Just changed the fork seals in my 'stock '68 T100C. Prior to changing them, my forks were occasionally "bottoming out" when I hit a rough patch of road so while I had my forks apart, I decided to fit a new set of fork springs, too.
I ordered a set of "heavy duty" springs (as specified for the T100C in the parts catalogue) and it seems to have fixed my the problem of bottoming out, but NOW I have a different problem. Instead of bottoming out, the forks now occasionally "top out." That is, they "clunk" on the rebound.
The topping out isn't happening on every little bump, but the roads can be pretty rough around here -- open pot holes, lumps of asphalt, cobblestones, etc. -- and it's happening more than I expect it should. (it's topping out more often that it was previously bottoming out.)
I've been using ATF for fork oil. Is this too light? Will simply using a heavier weight oil solve the problem or is something else going on? I have some 20w fork oil on order (can't seem to find anything heavier than 15w at the local shops) so I guess I'll find out soon enough if this is a simple fix. In the mean time, any other ideas?
You could effectively soften the spring rate and lower the ride height slightly. Loosen the cap nuts a few threads,or take them off. Fully compress the forks.Use ropes or other implements of destruction to winch the forks to fully compressed.If you only loosened the cap nuts,allow 30 minutes for the air pressure to bleed out around the threads.If you removed them,just screw them up tight while the forks are compressed.
I religiously bleed the air out of forks and run on spring-rate,not compressed air.
Sounds like it'll take a bit of experimenting. 20w is "by the book" although I see 20w or 30w is recommended for the earlier forks. I've got the 20w on order so I'll try that first and see. I've never been able to find anything heavier than 15w fork oil in the local shops and since I have the ATF for my primary, that's what I've always used. Might've been part of the problem with the forks bottoming out in the first place. (Although, aside from them topping out, the forks feel a lot better with the new springs.) If the 20w doesn't fix it, I'll try going heavier.
Pete - I've never heard of bleeding the air out of the forks, but do you have to do that regularly? I can't imagine the forks are so air-tight that air wouldn't bleed back into the forks during and/or between rides -- Am I wrong?

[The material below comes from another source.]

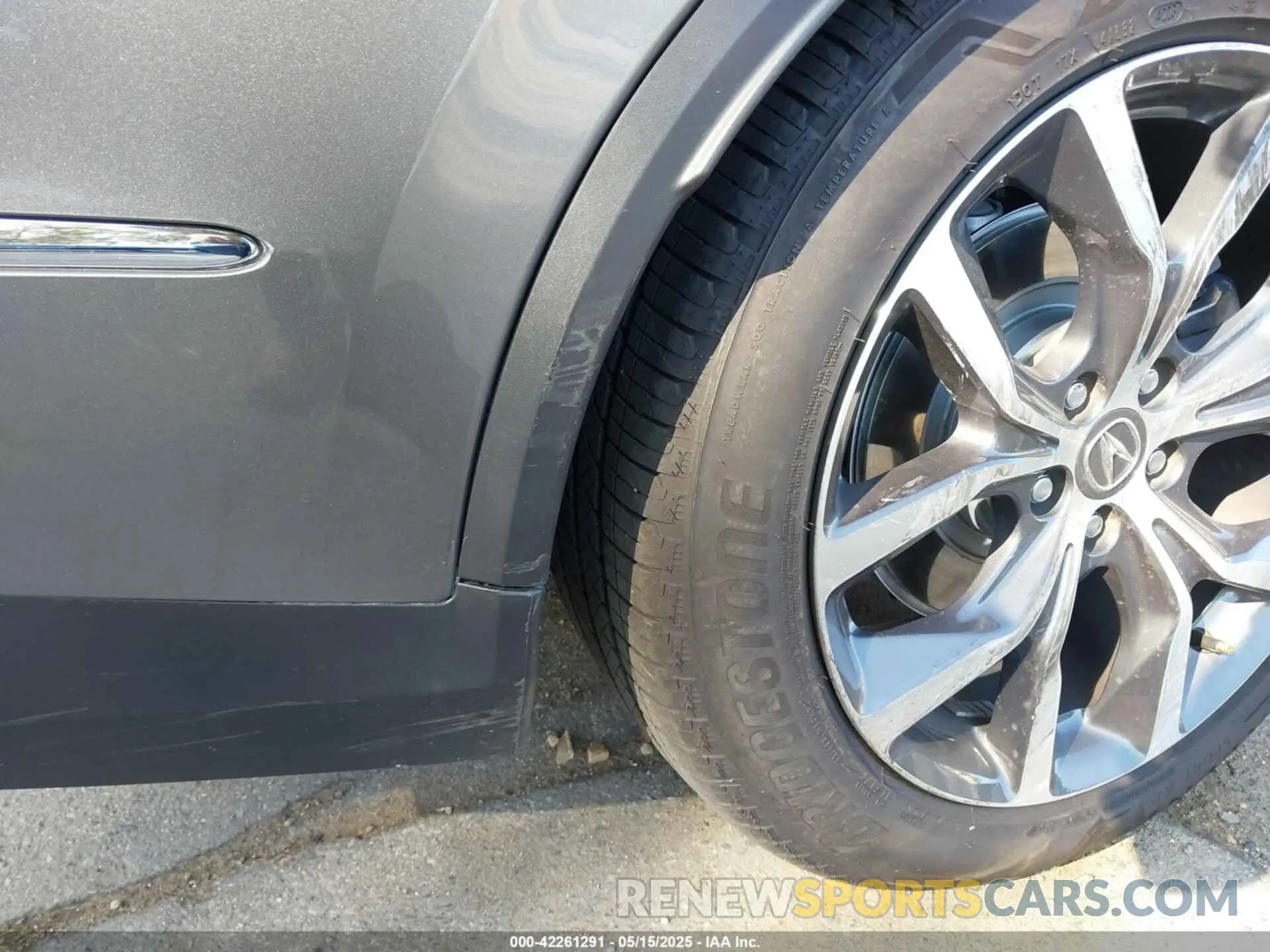 20 Photograph of a damaged car 5J8YD9H42RL005765 ACURA MDX 2024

There's too much air in the forks if they're assembled "normally",without bleeding them.You want no internal air pressure when they are fully compressed.I've used 50 grade engine oil in these early forks,but not on a "C" model with competition damping.

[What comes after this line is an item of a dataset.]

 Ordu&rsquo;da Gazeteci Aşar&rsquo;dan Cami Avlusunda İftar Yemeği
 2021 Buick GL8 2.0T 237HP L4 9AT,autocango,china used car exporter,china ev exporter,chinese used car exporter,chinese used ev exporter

Some really smart forks are self-evacuating with one-way valves.Rickman frame is like this.
What you're saying makes sense. I suppose the air pressure could add enough force to make the forks clunk on the rebound. Maybe, while I'm waiting for the fork oil, I'll try to devise a suitable "implement of destruction" to try it out.
Hi Jamie, I think you put the damper sleeves in upside down. These are what look like spacers that fit between the fork bushes. The manual is not clear on which way up they go but as far as I can remenber the smaller diameter hole goes down. These sleeves stop the topping out by restricting oil flow when the bushes get closer together, ie when the forks are fully extended, but the sleeves only work if they are the correct way up. chances are you did not spot the difference in the hole size and put them in upside down. I am speaking from experience here hope this help Steve.
Anything is possible, but I never removed the stanchions from the lower fork legs so if the sleeves are upside down, they've been that way for a long time. It was dumb of me not to do a complete teardown and inspect the entire fork while I had them all apart. (Though, I'm always amazed at how much easier these tasks get with each successive try.)